If you go with a cohesive model where there are warning categories and separate categories can be enabled, disabled, promoted to errors, etc., then there are merits to GCC/Clang's warning style that I don't think should just be dismissed out of hand.  Deviating can provide negative value because it a different scheme that is, well, just different, but conceptually similar to something many developers already know.

Before dismissing -Werror and -w, consider the taxonomy that they are a part of in the GCC/Clang world:

  -Werror-<warning>
  -Wno-error-<warning>
  -Wno-<warning>

This is a very general scheme for controlling warnings.  Perhaps "-w" and "-Werror" are a bit special case, so you could always do something like:

  -Wno-all
  -Werror-all

And just have a warning category for "all warnings".
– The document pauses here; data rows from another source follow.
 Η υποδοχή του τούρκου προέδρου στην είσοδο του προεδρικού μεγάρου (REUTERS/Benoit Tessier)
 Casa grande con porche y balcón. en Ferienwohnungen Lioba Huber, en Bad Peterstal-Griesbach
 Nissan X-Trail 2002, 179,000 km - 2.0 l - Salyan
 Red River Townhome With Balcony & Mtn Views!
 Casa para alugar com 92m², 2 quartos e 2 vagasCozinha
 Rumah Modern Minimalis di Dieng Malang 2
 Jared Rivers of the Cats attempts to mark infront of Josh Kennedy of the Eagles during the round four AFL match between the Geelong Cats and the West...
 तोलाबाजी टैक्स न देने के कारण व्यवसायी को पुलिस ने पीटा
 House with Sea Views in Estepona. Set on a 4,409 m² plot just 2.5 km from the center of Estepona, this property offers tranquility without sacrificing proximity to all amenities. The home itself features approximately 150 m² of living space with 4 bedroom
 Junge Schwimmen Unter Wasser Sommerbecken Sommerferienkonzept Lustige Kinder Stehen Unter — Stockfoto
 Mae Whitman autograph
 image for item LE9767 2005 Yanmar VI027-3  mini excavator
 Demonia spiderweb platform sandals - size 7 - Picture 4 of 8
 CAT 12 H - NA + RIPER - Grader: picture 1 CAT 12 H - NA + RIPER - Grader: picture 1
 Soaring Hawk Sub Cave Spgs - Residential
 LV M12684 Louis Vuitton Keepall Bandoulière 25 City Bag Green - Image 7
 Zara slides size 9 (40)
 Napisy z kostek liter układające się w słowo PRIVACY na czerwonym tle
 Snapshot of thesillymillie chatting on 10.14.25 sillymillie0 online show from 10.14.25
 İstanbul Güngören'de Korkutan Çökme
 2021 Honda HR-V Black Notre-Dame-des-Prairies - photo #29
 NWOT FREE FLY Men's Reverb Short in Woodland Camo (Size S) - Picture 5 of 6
If you are going to go down the route of having any control for warnings from the command line --- which I realize is a contentious topic on this thread --- I personally believe that the flags should be simple, consistent, and generalized.  Having special case flags like "-suppress-warnings" and "-warnings-as-errors" feels more even more special case, and I just have to know what they are.

I'm not married to the -W flags scheme, but it is something that is understood.  If we are going to have flags, I'd prefer something that was equally (or more) understandable with a general and simple scheme for controlling warnings.